**Material provided**
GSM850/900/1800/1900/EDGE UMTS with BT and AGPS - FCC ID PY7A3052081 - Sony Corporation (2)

...

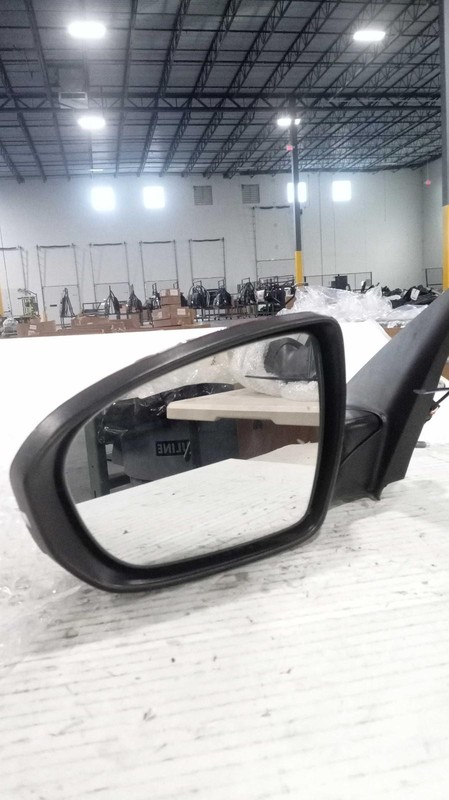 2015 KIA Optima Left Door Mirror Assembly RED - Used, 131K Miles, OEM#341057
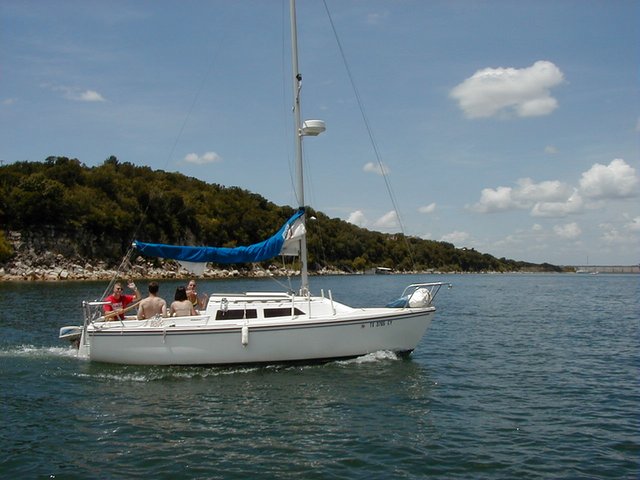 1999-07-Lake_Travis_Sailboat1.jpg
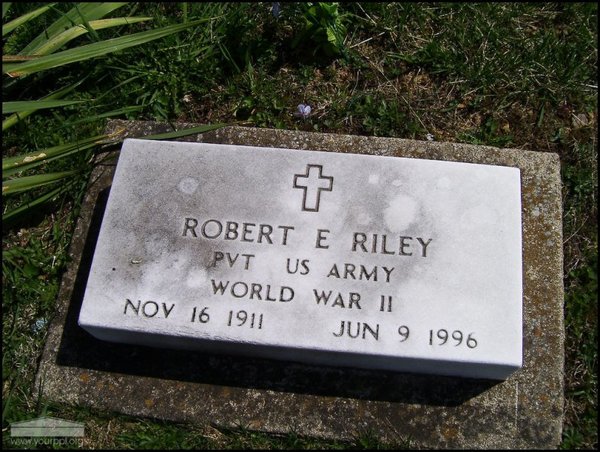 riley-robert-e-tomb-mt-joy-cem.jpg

--

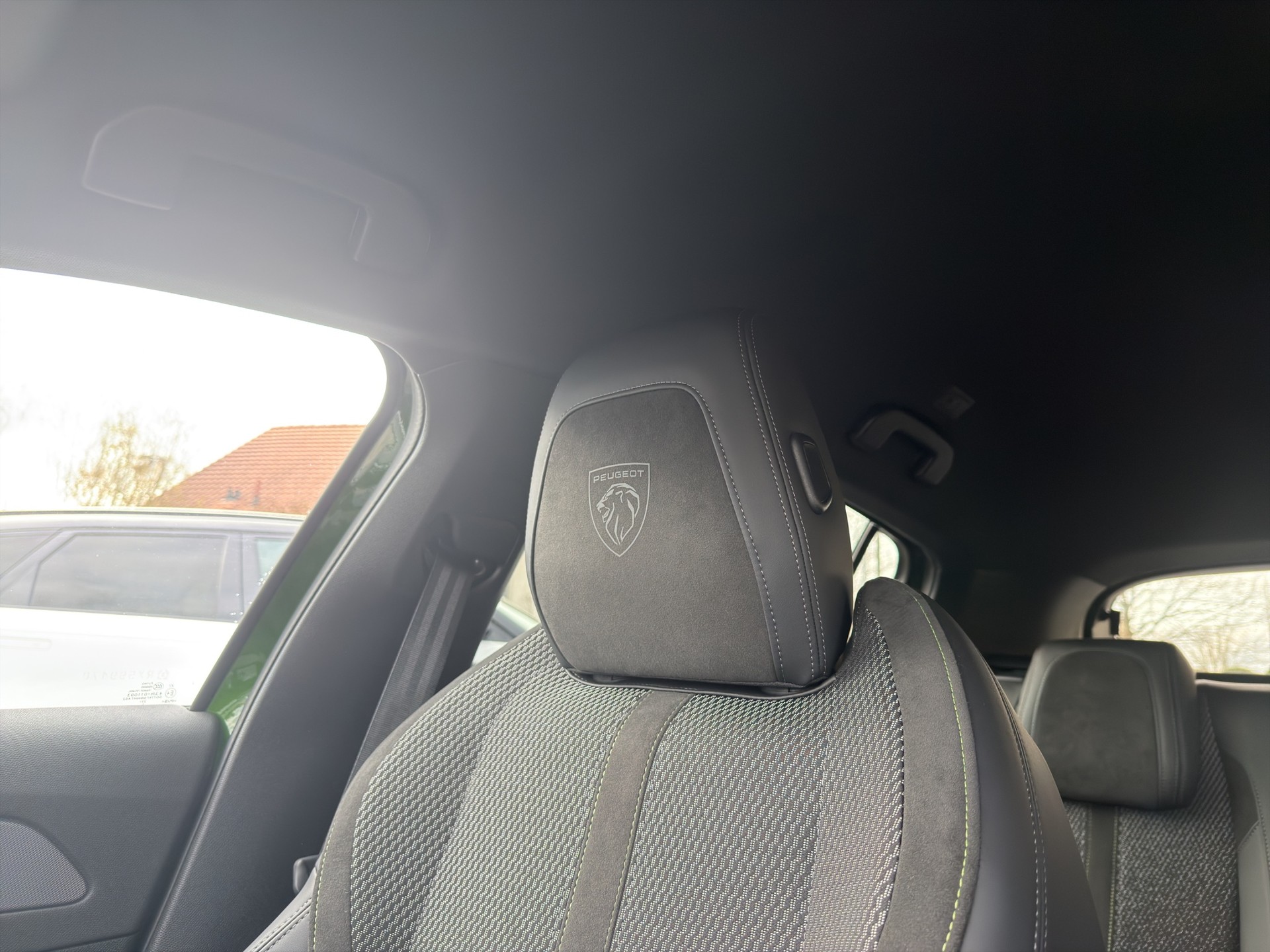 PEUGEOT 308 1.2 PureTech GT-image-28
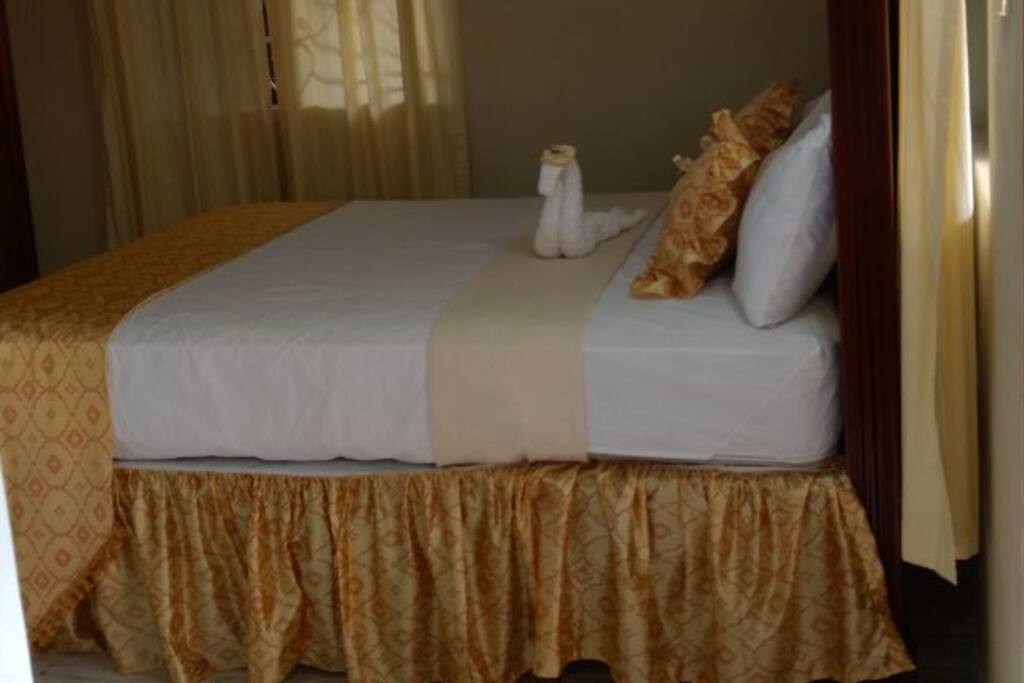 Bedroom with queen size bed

**Task objective**
Copy the entries above exactly, but only the stretch from the line containing "PEUGEOT 308 1.2 PureTech GT-image-28" through the line containing "Bedroom with queen size bed". Keep both end lines; drop the pictures.

**Task output**
 PEUGEOT 308 1.2 PureTech GT-image-28
 Bedroom with queen size bed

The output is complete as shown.